Directed by Tomas Alfredson. Starring Gary Oldman, Colin Firth, Tom Hardy, Mark Strong, John Hurt, Ciarán Hinds, Toby Jones, Benedict Cumberbatch.
Two films about Brit sleuthing this week, Tinker Tailor and Sherlock Holmes: A Game of Shadows, both very long films and neither particularly spectacular. One more cerebral and the other more flippant. No guesses for which is which.
Yes it’s based on John le Carré’s popular novel by the same name. Deemed one of the most intriguing spy stories, the novel has been adapted for the screen and directed by Let The Right One In’s Tomas Alfredson. Murk and murmur abound in this period piece about the Cold War, British Intelligence and double agents. But this is not James Bond or Mission Impossible: Ghost Protocol.

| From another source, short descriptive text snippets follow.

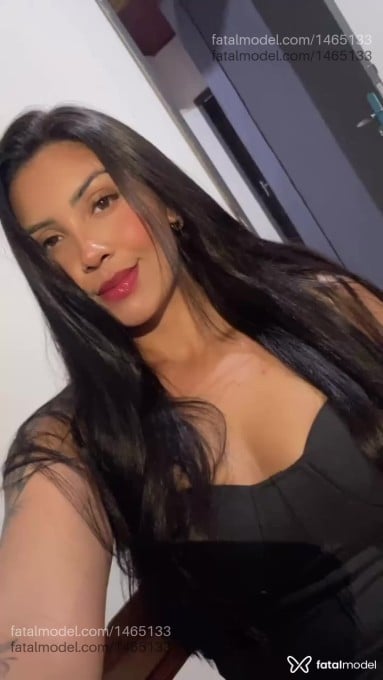 Acompanhante mulher morena (o) de olhos castanhos - Stefanny Sampaio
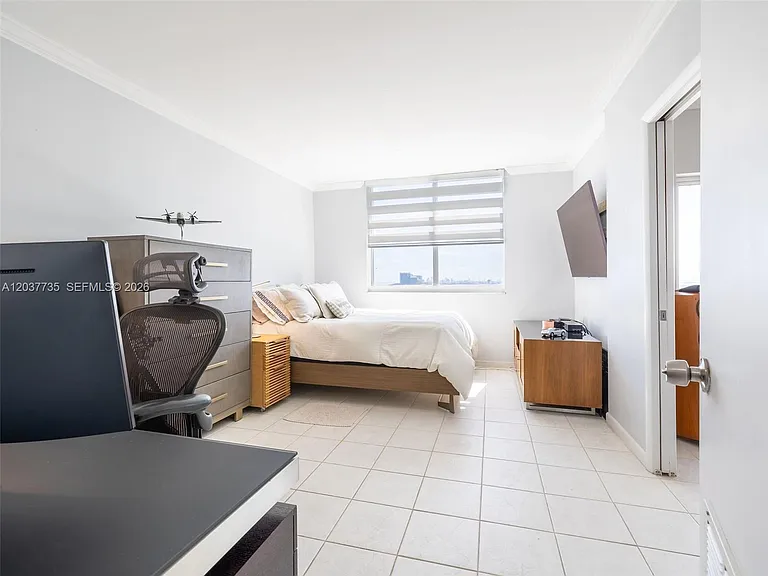 500 Bayview Dr #1520 — Photo 24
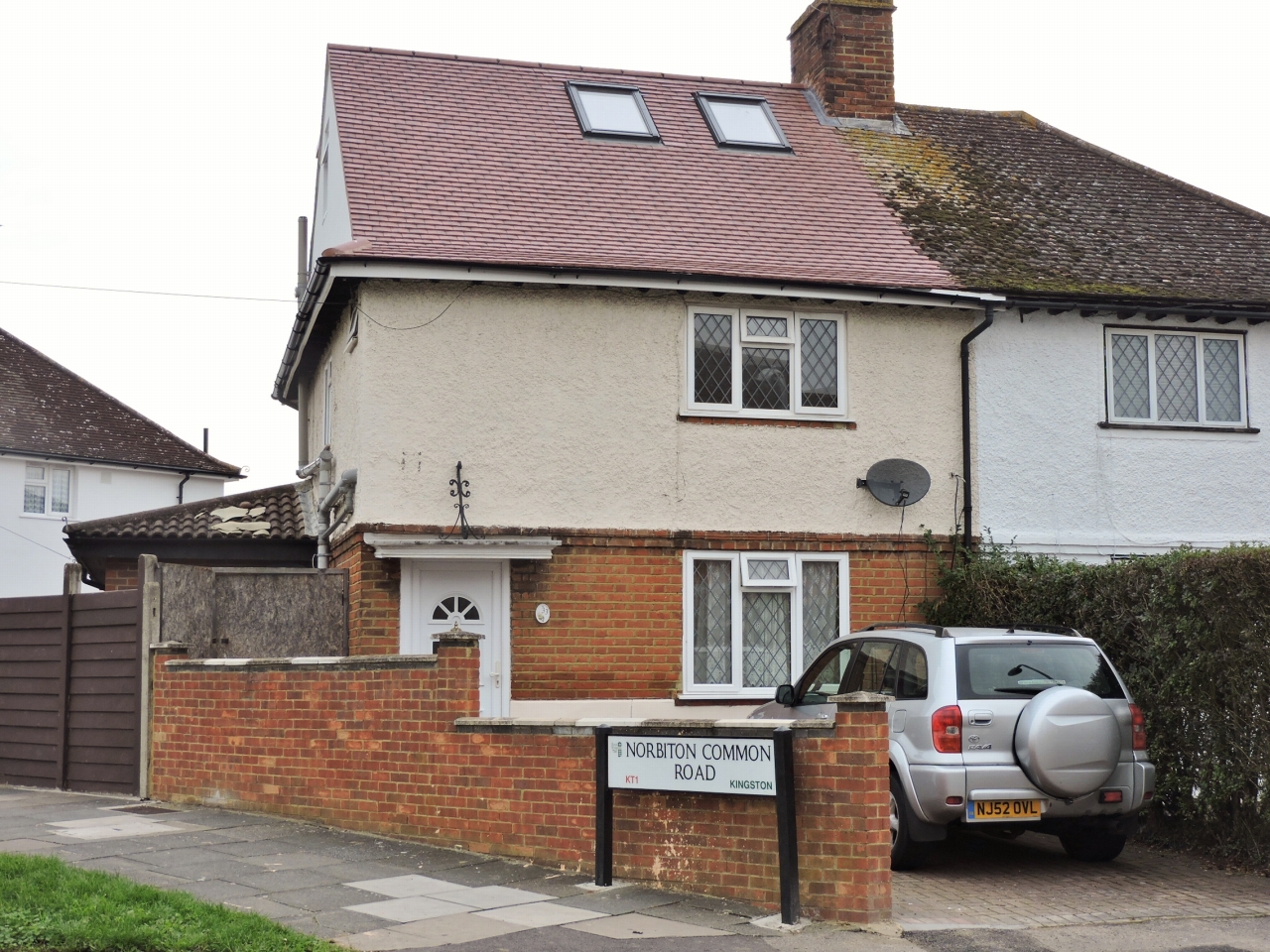 3 bedroom apartment flat/apartment To Let in Kingston Upon Thames - Photograph 1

There are no gadgets, barely any action or CGI, and very little by way of thrills.
The British Intelligence has a mole, but Control (John Hurt) in an effort to weed out the double agent gets fired along with his trusted ally George Smiley (Gary Oldman) leaving a group of four senior agents at the helm but one of them is probably the mole. Retired Control enlists an agent played by Mark Strong to go undercover in Hungary but the mission goes wrong. The British Government then asks Smiley to conduct an undercover operation to determine who the traitor within their midst really is. He along with Peter Guillam (Benedict Cumberbatch) and suspected traitor Ricki Tarr (Tom Hardy) must untangle the web of deceit and treachery that have been playing out.
Staying true to the times when leg work and brain work were the order of the day (instead of hopping on jets and using computers and retinal scanners), Tinker Tailor Soldier Spy unfolds at meticulous if slothful pace with short, slow scenes set against grey backgrounds and plenty of whispering between characters. There’s a bit of adultery, a love affair between enemy agents and even a gay angle. But it’s all too superficial, too bland and lost amid the intricate plot.
Oldman’s silent hero seems almost antiquated even for the time compared to his savvy suspects but he does get the job done. Flashbacks take us to times when the characters worked and played without the shadow of suspicion hanging over their heads but give Oldman’s Smiley important clues. He also has to deal with the painful truth of his wife’s affair with one of his colleagues.
A mysterious musical score by Alberto Iglesias keeps the intrigue going but you can’t help but lose interest in the whole thing, the inertia of the characters and lack of momentum or build up keeping you just at one static level.